Mom's Travel Advisories
Guerrillas, Drug Lords, Landmines, Limb Loss, Organ Malfunction
By Karla Zimmerman, Fri., June 15, 2001

According to my mother, these are just a few of the terrors that await me when I arrive in South America. It doesn't matter that for the past 10 years I've traveled to and returned safely from dubious destinations such as Guatemala, India, Russia, and Corsica. To Mom, each new journey is fresh ground for death. Which is why she demands that I visit her before each trip.
"What if you get killed while you're away?" she reasons. "Your dad and I want to see you before that happens."
When I arrive home, Mom begins reviewing her extensive checklist of safety precautions:
"Make sure you put my name and address in your passport," she instructs. "That way, when you get knocked upside the head by a dope fiend or drop dead from an appendicitis attack, the Chileans who find you will know where to send the body."
She makes a mark on her note pad. "Now, are you taking the proper medicines to stay healthy while you're away?"
"I got all of my immunizations, and I'll carry a small first aid kit for emergencies," I hold up my hand and testify.
"That's sweet," Mom smiles. "But I'm talking about the hard stuff -- to ease the pain when you get shot by Peruvian guerillas or lose a limb in a Colombian landmine."
After loading my pack with an Elvis-worthy sedative supply, Mom checks her list again, then blanches.
"Hey, you won't wear shorts while you're there, will you?
"N ... "
"Good," she snaps, before my "o" hits the air. "Because some drugged-up Argentinean sex maniac will find it suggestive if you go around looking like Charo."
"Charo's from Spain," I start to explain, but Mom holds up her hand.
"How about a hat?
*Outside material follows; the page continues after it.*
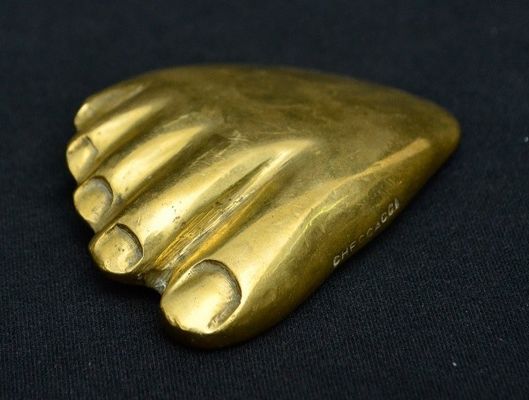 Hotel de 5 estrellas estilo nórdico Diseño de pie de bronce Escultura de lujo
Are you going to wear a hat while you're in Bolivia? You should disguise your looks. Wear shades. Maybe I should buy you a pair of fake buck teeth."
"I'm taking a baseball cap and these sunglasses," I say, and put them on.
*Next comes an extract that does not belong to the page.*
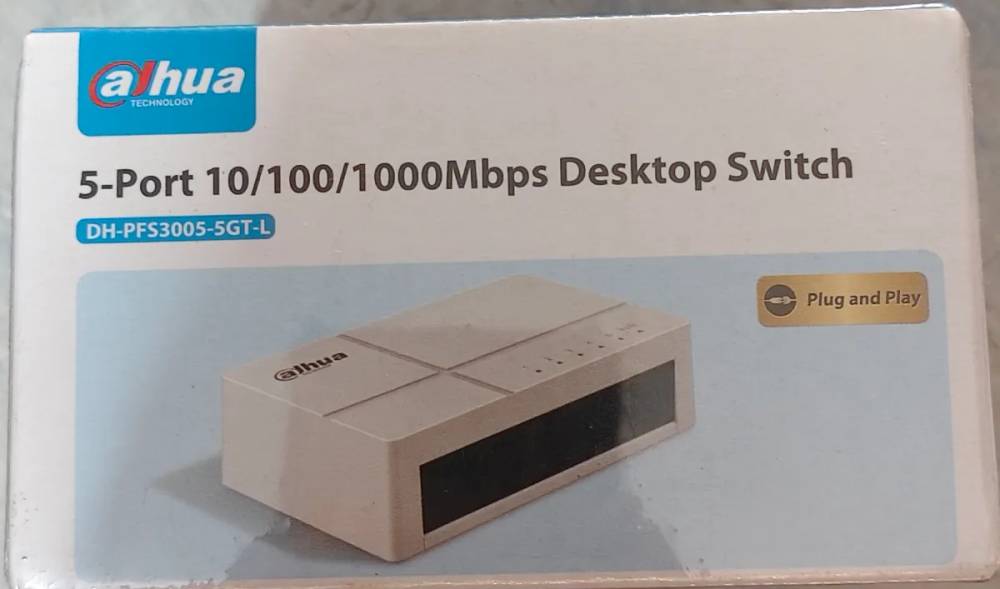 Dahua 4port switch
"On second thought," she frowns, "forget the shades. They look kind of sexy."
To help assuage Mom's fears, I give her a detailed itinerary with flight numbers and hotel names. I produce newspaper articles with pretty pictures of my destinations, and reassuring Centers for Disease Control health briefs that I find online. I invite over friends who have traveled to South America, so they can provide encouraging stories on how clean and kind the natives are. I promise to call home once a week.
"Mom?" I ask gently, after my friends have left. "Are you still worried?"
"I'm not worried," she says, looking up from my pack, where she is slipping in a socket wrench set and extra pair of boots. "My friends -- particularly Maryann, my hairdresser, who is a big wimp -- they're the ones who fear for your safety. I always have to tell them, 'My girl can take care of herself.' I'm not worried."
But the more she reassures me -- and she does so 13 times over the course of two days -- the more I know she is worried.
With this in mind, I think I'll refrain from telling her my newest discovery: that I'm arriving at my first destination -- Santiago, Chile -- during Terrorist Week. The State Department warning is not severe, a small sidebar about the country's national holiday and the demonstrations and government protests that can accompany it.
But thanks to Mom, a voice inside my head shouts, "Wear dark colors, so you won't stand out to kidnappers who will remove your appendix using an unsterilized hacksaw. Organ trafficking is big in Chile."
But it's also thanks to Mom that I can push that aside, secure that in the knowledge that 4,000 miles away, someone is looking out for me -- and available to receive my remains, should there be any.